With everyone trying to get everything out of the door before the Holiday season, November was a busy month for the data world, Airflow 2.0 moved to beta status, new tooling was released by Google to help with Machine Learning in the space of NLP and managing ML model bias, and Apple released some benchmark of the performance of their new M1 chip for ML workloads.
SQL got some attention this month; Google released an upgrade to their managed Postgres instance to the latest version, Postgres 13. Databricks released SQL Analytics providing a familiar SQL interface for querying delta lake tables. SQL Analytics provides both a workspace and connectors to popular BI solutions to facilitate the work of analysts. Amazon also played into the SQL game by introducing a SQL compatible query language for DynamoDB.
Amazon introduced a managed service for data workflows leveraging Apache Airflow. Talking about Airflow, Airflow 2.0 entered in BETA state this November and is due to be upgraded to release candidate status in December. Airflow also received a new Provider for Great Expectations.
Data Quality was a focus for more than Airflow this month. A case study for Great Expectation was released with Heineken. DBT got its’ own port of Great Expectations in the form of DBT-Expectations. Simultaneously, Airbnb gave an overview of their work around improving data quality in a two-parts blog post [1] [2].
Testing with DBT was the focus of an article from Shopify Engineering, introducing their Seamster framework for performing unit tests on DBT’s SQL models, leveraging as well tests defined through great expectations. Testing was also the focus of an article on towardsdatascience, introducing us to synthetic data generation using the Synthetic Data Vault (SVD) Library. The folks at LakeFs had a different idea of the scope of testing, attempting to introduce Netflix’s Monkey approach towards the data lake.
Along the line of Data Management, Quality, and Data Governance, Uber introduced Databook to the world. Databook is their solution for facilitating dataset discovery and providing dataset metadata to end-users.
Data Meshes, Data lakes, and Data warehouses architecture were from Picnic introducing us to their Lakeless data warehouse. At the same time, interest provided us with insights on their shift from Lambda to Kappa architecture for their Visual signal infrastructure.
Real-time processing was the focus of an article from Cloudera providing an overview of the real-time solutions on their platform. Walmart shared their views on best preparing event-driven data, the typical pattern for integration in real-time driven architectures. Slack shared with us how they created their analytics logging library using React to facilitate the sending of events for customer behavior tracking.
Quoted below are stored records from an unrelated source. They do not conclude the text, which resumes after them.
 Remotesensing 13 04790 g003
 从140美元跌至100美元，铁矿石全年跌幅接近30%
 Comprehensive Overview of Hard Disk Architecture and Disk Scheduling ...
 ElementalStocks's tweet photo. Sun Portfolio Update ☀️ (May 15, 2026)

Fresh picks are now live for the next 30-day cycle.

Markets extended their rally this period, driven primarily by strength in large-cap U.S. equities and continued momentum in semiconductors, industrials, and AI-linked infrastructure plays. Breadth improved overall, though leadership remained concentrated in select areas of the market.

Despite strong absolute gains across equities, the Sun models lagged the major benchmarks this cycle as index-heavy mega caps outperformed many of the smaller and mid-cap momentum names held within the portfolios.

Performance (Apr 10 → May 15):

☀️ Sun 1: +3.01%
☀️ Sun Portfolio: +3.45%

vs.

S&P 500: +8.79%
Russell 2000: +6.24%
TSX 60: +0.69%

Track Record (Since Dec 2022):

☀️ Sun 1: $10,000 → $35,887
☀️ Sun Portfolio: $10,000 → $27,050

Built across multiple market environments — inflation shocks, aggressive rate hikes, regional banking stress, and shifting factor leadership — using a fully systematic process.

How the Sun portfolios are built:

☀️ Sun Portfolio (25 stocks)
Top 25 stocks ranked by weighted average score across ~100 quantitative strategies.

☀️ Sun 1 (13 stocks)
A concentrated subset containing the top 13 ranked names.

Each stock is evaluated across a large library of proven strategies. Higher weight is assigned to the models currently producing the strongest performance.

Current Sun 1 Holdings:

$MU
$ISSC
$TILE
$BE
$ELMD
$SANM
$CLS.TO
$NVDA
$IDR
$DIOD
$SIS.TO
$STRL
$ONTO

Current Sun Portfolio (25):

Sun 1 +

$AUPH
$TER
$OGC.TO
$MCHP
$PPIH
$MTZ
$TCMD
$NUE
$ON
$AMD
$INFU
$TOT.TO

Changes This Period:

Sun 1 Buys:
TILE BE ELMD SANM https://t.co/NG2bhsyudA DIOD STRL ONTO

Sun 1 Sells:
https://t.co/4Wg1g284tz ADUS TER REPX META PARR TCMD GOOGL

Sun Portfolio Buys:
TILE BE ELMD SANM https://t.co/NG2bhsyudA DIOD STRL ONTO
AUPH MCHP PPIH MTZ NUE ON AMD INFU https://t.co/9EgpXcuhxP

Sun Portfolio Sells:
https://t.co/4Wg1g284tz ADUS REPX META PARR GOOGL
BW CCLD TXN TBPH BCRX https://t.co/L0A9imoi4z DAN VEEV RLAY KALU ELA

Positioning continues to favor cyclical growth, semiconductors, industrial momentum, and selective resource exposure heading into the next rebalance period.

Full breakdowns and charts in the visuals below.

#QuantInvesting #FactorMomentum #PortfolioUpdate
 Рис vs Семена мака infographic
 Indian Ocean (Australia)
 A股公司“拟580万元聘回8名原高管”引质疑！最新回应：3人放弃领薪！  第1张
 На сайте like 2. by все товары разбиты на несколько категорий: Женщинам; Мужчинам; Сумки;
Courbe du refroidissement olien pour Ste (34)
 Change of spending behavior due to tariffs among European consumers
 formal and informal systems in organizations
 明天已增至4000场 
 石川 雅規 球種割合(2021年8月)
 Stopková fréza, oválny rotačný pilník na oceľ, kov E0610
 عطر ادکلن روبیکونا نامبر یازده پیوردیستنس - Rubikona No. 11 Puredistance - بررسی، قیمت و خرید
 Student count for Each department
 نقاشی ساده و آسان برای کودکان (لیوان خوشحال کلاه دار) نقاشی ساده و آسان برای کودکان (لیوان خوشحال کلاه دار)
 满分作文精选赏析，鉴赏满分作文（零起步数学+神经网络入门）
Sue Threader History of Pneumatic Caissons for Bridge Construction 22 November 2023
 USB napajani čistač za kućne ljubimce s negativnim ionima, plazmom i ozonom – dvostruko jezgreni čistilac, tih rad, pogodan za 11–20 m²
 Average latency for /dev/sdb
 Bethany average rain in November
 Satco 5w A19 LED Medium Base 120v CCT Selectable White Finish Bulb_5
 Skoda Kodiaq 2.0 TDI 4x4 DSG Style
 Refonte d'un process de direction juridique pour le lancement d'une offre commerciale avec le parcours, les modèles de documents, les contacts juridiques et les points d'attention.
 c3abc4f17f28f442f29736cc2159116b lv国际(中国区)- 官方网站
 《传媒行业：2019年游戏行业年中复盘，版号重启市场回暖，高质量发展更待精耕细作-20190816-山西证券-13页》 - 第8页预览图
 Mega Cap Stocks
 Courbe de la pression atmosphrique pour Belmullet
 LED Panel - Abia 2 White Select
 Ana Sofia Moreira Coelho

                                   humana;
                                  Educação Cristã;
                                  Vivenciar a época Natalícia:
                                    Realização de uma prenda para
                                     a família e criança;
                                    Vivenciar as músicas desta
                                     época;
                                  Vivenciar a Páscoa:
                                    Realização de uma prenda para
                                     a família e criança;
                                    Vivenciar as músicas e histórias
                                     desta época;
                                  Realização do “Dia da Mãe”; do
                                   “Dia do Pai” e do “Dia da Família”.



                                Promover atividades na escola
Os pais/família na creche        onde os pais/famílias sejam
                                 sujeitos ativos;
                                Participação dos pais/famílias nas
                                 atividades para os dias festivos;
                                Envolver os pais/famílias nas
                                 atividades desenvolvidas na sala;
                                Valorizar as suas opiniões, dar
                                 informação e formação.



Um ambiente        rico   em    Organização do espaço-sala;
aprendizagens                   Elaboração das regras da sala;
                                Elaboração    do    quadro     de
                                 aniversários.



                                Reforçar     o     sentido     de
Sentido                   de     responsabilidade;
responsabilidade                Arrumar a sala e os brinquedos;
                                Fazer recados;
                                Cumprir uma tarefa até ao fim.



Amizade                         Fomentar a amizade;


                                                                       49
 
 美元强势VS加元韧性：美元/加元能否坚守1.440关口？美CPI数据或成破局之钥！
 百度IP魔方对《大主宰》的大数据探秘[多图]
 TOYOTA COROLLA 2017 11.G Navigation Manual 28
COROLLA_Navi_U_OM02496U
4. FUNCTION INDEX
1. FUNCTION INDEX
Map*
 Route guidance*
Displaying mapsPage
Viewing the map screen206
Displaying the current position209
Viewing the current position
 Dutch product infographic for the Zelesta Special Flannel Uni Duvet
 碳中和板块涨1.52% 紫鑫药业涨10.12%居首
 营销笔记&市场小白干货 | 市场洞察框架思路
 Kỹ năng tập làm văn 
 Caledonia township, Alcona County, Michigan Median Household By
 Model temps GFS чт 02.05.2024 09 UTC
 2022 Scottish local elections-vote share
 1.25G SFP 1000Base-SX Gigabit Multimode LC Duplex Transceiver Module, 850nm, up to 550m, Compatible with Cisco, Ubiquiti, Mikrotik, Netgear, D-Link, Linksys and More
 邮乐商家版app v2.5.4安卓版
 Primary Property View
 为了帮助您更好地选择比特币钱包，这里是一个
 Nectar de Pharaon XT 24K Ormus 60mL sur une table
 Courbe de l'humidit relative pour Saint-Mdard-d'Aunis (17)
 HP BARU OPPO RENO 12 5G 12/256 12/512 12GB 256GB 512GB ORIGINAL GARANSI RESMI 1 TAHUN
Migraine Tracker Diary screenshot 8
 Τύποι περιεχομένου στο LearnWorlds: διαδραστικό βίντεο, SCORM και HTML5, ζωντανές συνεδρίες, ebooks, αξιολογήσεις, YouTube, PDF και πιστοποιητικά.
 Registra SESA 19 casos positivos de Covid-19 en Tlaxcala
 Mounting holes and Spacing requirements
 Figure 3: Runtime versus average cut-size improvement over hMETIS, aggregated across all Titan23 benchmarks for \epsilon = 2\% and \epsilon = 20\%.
Stopford's article looked beyond the current stream processing paradigm towards a hybrid of tables and streams such as provided through ksqlDB. The article makes a case for the creation of better tooling to support this increasingly important use case.
On the Machine Learning front, Apple published the article Leveraging ML Compute for Accelerated Training on Mac, showing how the new Macbook with processor based on the new M1 processor improved upon the previous Macbook for Machine Learning workload.
Machine Learning Lifecycle and Governance — Salesforce provided some insights on their training and experimentation platform, the engine behind Salesforce Einstein. While we could find an article on towardsdatascience on the engineering practices for machine learning lifecycle at Google and Microsoft. H2O provided an overview of their H2O AutoDoc, helping automate machine learning model documentation. Microsoft shared some insights on how to manage machine learning governance at scale.
Machine Learning training and tuning — Machine Learning model Bias has been a topic of concern. To help mitigate the impact, Google released MinDiff, a new regularization technique on the Tensorflow Library. In contrast, Expedia gave us more practical examples of tuning and regularizing decision trees for learning to rank.
On the NLP front, Google introduced us to their Language Interpretability tool (LIT) to understand NLP models. Amazon provided us with an overview on how to make AI better at reading comprehension.
Deep Learning — Google provided some GANS output to create fantastical chimera images automatically. They showed how 3D creature models created by digital artists could create the required number of images needed for training the GANS model and how fine-tuning the perceptual loss could result in drastically different rendering.
Machine learning education front, Google launched a machine learning engineer certification.
For web analytics, two articles caught my attention this month, one from Pinterest about “A better clickthrough rate,” providing insights as some of the pitfalls to leveraging click-through rate as a metrics and what potential treatment can be applied to mitigate some of its’ shortcomings.
The following article by Murat Ova on Linkedin caught my attention. The article discusses the potential of leveraging behavioral economics with web analytics to optimize and influence purchasing decisions through the vector of recommendations. While I am not certain of the practicality of trying to influence customer behavior through this implementation versus using optimizing recommendation for increased AOV using a machine learning model, I would be curious to see the results coming from implementing such theory.